Le 11 février 2016 à Rochefort (Charente-Maritime), 6 jeunes mourraient après l'accident de leur car scolaire qui avait percuté un camion-benne. Le chauffeur avait laissé ouvert le flanc gauche métallique de la benne et était jugé pour "homicides et blessures involontaires".

Le chauffeur d'un camion-benne dont l'oubli tragique avait provoqué la mort de six adolescents, le 11 février 2016 à Rochefort (Charente-Maritime), dans une collision avec leur bus de transport scolaire, a été condamné jeudi à cinq ans de prison avec sursis par le tribunal correctionnel de La Rochelle.

Le tribunal a prononcé une peine de cinq ans de prison "intégralement couverte par un sursis simple", en-deçà des réquisitions du parquet qui avait demandé une peine de cinq ans d'emprisonnement assortie d'un sursis probatoire de trois ans.
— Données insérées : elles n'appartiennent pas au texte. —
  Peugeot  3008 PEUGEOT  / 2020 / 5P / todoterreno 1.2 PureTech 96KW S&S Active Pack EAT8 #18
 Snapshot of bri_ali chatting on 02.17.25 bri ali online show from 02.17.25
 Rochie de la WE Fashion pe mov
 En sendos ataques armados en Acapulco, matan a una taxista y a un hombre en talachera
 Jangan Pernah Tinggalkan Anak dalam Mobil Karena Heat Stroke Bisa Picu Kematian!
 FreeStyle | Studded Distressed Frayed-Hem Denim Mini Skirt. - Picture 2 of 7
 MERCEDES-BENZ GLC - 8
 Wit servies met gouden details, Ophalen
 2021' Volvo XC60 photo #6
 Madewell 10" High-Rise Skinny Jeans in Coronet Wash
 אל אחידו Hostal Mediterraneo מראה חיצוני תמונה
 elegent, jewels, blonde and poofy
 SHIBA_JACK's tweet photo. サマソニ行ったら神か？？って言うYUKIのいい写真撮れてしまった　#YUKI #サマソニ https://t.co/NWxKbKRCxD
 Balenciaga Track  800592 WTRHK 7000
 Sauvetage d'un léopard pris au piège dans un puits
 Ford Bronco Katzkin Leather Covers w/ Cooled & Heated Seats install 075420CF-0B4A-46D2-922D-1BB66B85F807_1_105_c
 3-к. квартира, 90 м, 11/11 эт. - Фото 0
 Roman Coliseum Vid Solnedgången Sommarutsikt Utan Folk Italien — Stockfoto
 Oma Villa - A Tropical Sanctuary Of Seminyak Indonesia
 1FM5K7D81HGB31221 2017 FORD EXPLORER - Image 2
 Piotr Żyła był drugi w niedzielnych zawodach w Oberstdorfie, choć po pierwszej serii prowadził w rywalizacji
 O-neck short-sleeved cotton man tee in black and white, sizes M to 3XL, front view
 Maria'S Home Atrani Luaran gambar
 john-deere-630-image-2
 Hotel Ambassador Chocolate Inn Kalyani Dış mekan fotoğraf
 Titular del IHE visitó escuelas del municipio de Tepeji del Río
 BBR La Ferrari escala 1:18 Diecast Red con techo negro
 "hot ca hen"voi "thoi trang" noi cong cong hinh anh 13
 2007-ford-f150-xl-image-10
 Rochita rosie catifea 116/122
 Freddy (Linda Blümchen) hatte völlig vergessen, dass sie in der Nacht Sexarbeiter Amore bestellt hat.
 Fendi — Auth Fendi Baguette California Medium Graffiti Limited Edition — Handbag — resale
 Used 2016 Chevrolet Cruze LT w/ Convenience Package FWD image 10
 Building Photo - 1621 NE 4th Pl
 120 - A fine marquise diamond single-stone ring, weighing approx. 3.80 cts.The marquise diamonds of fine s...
Peu après l'énoncé du jugement, le jeune homme de 29 ans, diagnostiqué en stress post-traumatique et sous lourd traitement anti-dépresseurs, est tombé à terre, pris d'un malaise.

L'un des plus graves accidents de transport d'enfants en France depuis celui de Beaune en 1982

Au petit matin du 11 février 2016, il conduisait le camion-benne dont la ridelle gauche oubliée en position ouverte avait littéralement cisaillé dans toute sa longueur le car scolaire arrivant en sens inverse, tuant six passagers de 15 à 18 ans et en blessant grièvement deux autres.

A l'horizontale, cette ridelle, lourde paroi métallique amovible qui maintient le chargement, s'était comme transformée en lame géante sur la route, laissant après son passage, des corps sous des amas de tôles broyées, pour certains décapités. "Une vision d'horreur" racontera un témoin.

Dans ce drame, l'un des plus graves accidents de transport d'enfants en France depuis celui de Beaune en 1982 (53 morts dont 44 enfants), la seule "erreur humaine" du conducteur du camion est en cause, avait souligné le ministère public qui a réclamé la sanction maximale, assortie d'un sursis, permettant au prévenu d'éviter l'incarcération.

"Il est le responsable d'un accident gravissime, il n'est pas meurtrier", avait insisté le procureur Clément Incerti, en demandant au tribunal de tenir compte de la personnalité du prévenu, un garçon "sain", décrit comme bon professionnel de la société de BTP Eiffage.